Pettine has said he intends to make a decision on his starting quarterback by Week 3 of the preseason, and until then, the competition is on. But Hoyer working with the 1’s in practice and Manziel with the 2’s speaks volumes at the moment, even though Pettine has said he’ll give Manziel first-team reps soon.   

“Our primary position here is to drive competition, to force Brian to play as well as he can and same with Johnny,’’ Farmer said. “We want to make them both compete themselves into a tizzy, to where somebody will step up and really demonstrate they’re the guy.   

“But Brian has been a pro’s pro so far with Manziel Mania. It’s not easy when there’s a lot of chatter, or we’ll call it scuttlebutt, attached to any one player, especially somebody competing at your position and for your specific job, if you will. Any time there’s so much fanfare around one guy, you hear it. There’s a lot of noise, but he’s handled it like a pro.’’  

Hoyer didn’t set the world on fire in his three-game starting stint last year in Cleveland, except perhaps by the Browns’ anemic quarterback standards: 57-of-96 (59.4), for 615 yards, with five touchdowns, three interceptions, 6.41 yards per attempt and a 82.6 rating. But Cleveland did top 30 points twice in his three starts, and managed just one other such outing the entire season. His accuracy and decision-making were strengths, and he was no mere game manager as a quarterback.   

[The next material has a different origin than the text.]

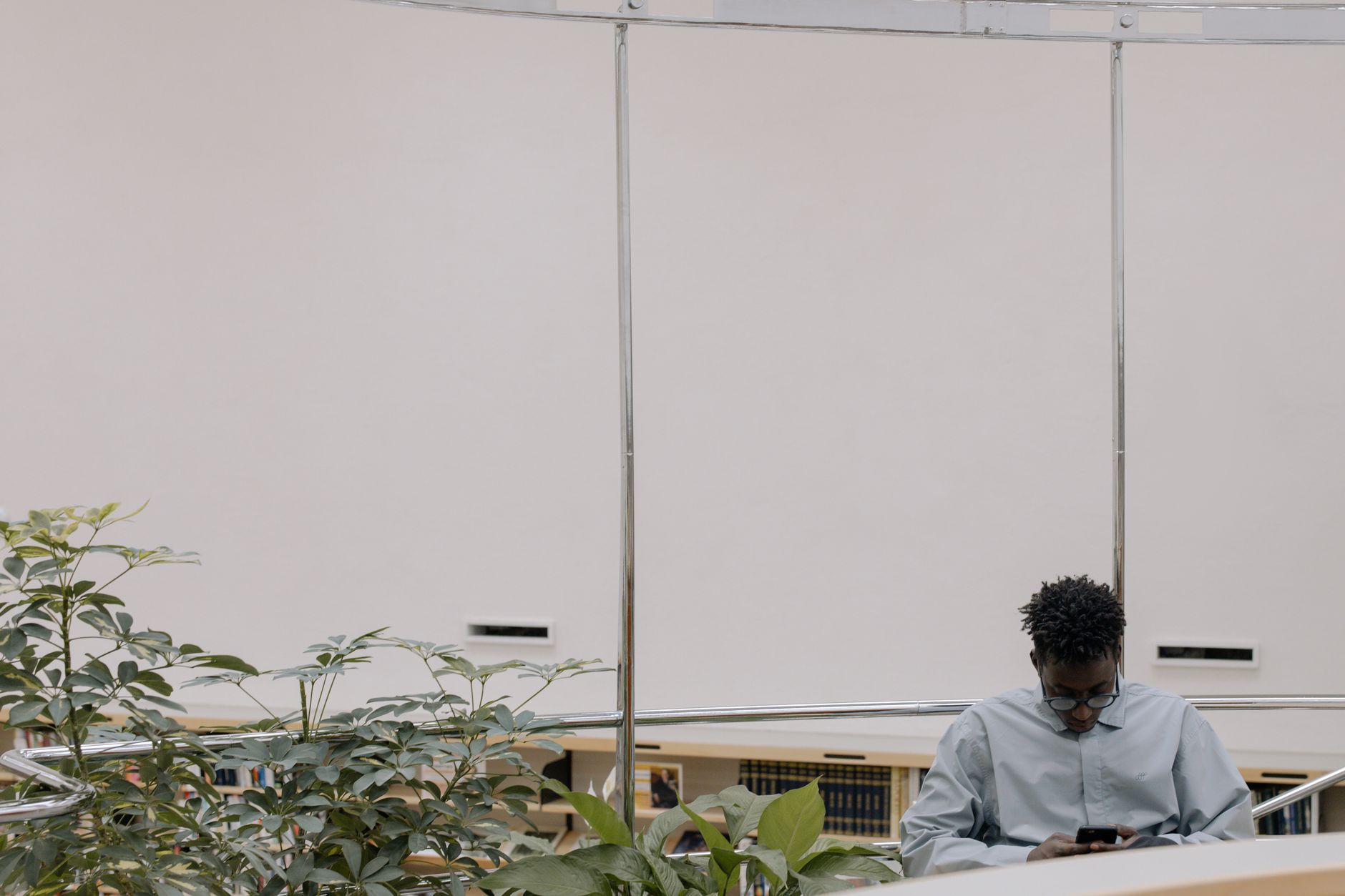 Homem usa um smartphone em um ambiente interno moderno cercado por plantas.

“People were questioning the sample size of his playing time and the durability issue, those are the biggest negatives,’’ Pettine said. “But I don’t think anybody questioned what he did when he was in there. He was a solid NFL starter.’’   

But for how long will he continue to be? In Cleveland, that’s the question that everyone can’t wait to get answered. To his credit, Pettine knows that’s part of the deal he and his Browns have bargained for this season.   

“It’s the formula for success, right?’’ Pettine said. “First-year head coach, rookie quarterback, quarterback controversy. It’s all there. I’ve seen people have us in their power rankings at 33. So we can only go up.’’

The noise rages on in Cleveland, but Hoyer hopes to do his part to quiet it for now. Everyone knows it’ll be Manziel’s team some day. Just not today.